Uma detenção em Langkawi com consequências extremas
Os factos remontam a 9 de agosto de 2023. Instalado na ilha turística de Langkawi, Tom Félix, antigo quadro do Grupo Veolia, licenciado em aquacultura e biologia marinha, preparava-se para abrir um restaurante depois de ter investido cerca de 40 000 euros. Estava alojado com o seu sócio malaio quando a polícia entrou de rompante.
Foi encontrada cannabis nas zonas comuns da casa. Tom Félix, o seu companheiro e a ex-mulher do companheiro foram detidos. O francês apressou-se a afirmar a sua inocência. Os testes de ADN não o incriminaram e o seu coarguido admitiu ter recebido os pacotes que continham a cannabis. Apesar destes elementos, Tom Félix continua encarcerado, exposto à legislação malaia que prevê a pena de morte para certos delitos relacionados com a droga.
Condições de detenção denunciadas como indignas
Durante a sua detenção na prisão estatal de Perlis, Tom Félix viveu em condições descritas como desumanas pelas pessoas que lhe são próximas e pelo seu advogado. “Tom partilhava a sua cela com outros 37 reclusos. Dormem no cimento, em tapetes de ioga, sem ventoinhas. A sanita é um buraco na cela, o chuveiro é um cano. Não podem passear nem sair”, conta a sua mãe, Sylvie Félix, na primavera de 2025.

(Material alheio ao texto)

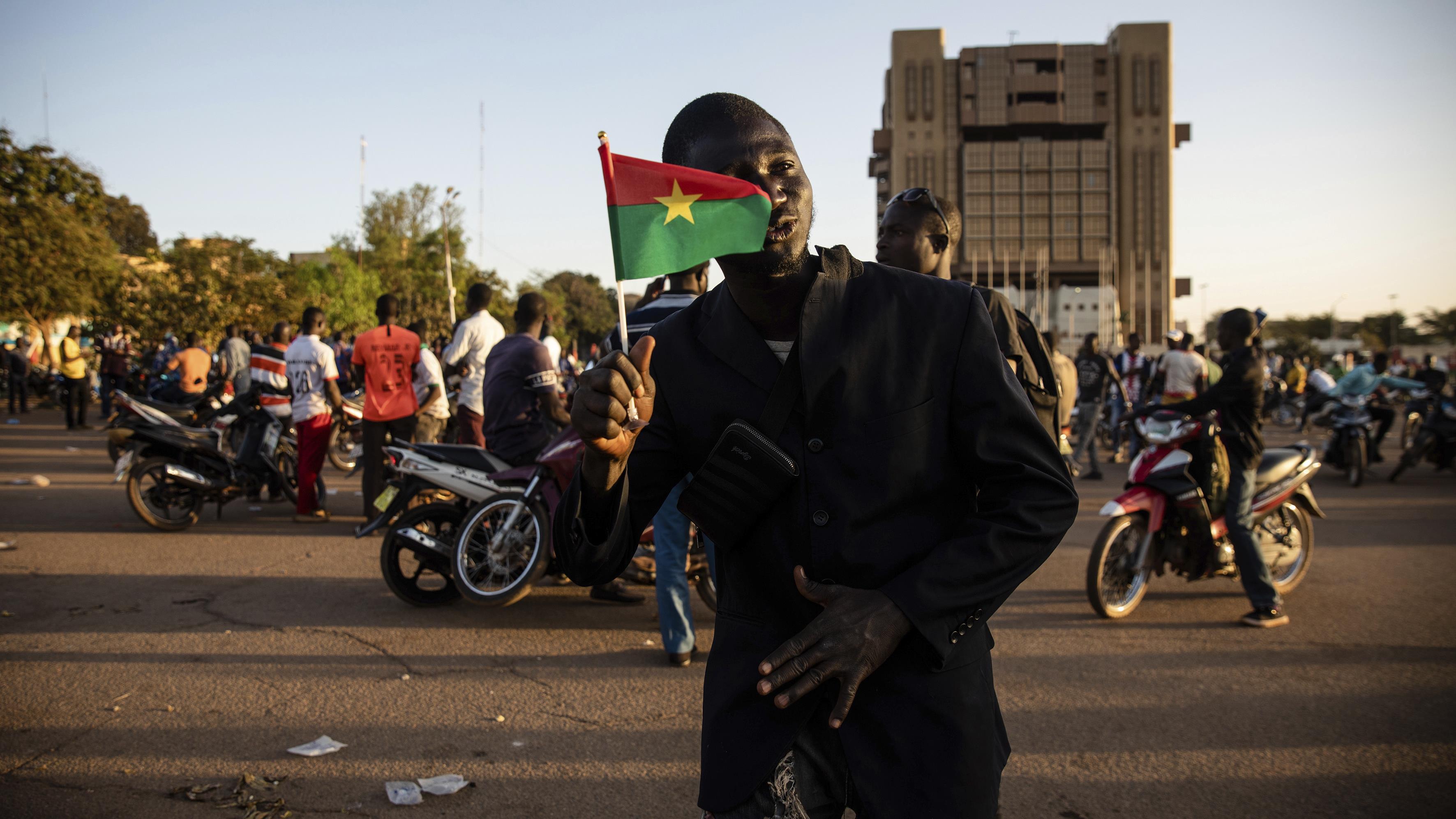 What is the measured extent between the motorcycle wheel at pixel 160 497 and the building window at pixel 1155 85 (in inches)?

O seu advogado, François Zimeray, recordou que o seu cliente “passou mais de 900 dias em condições indignas de detenção”. “Foi muito difícil para ele e para os seus pais”, acrescentou após o anúncio do veredito.
Perante o impasse judicial, foi criado em 2024 um comité de apoio denominado Free Tom Félix para divulgar o caso em França. As autoridades francesas também intensificaram os seus esforços diplomáticos. Representantes do consulado francês em Kuala Lumpur efectuaram visitas regulares à prisão, enquanto o caso foi levantado ao mais alto nível do governo.
O Presidente Emmanuel Macron abordou pessoalmente a questão com o Primeiro-Ministro da Malásia, Anwar Ibrahim, na Cimeira do G20 no Rio de Janeiro em 2024. Após a absolvição, o Chefe de Estado manifestou o seu “imenso alívio” e enviou os seus “pensamentos especiais” aos pais de Tom Félix.
Para a família Félix, a tarefa urgente consiste agora em organizar o regresso de Tom Félix a França e, na medida do possível, encerrar “o fim de um pesadelo”.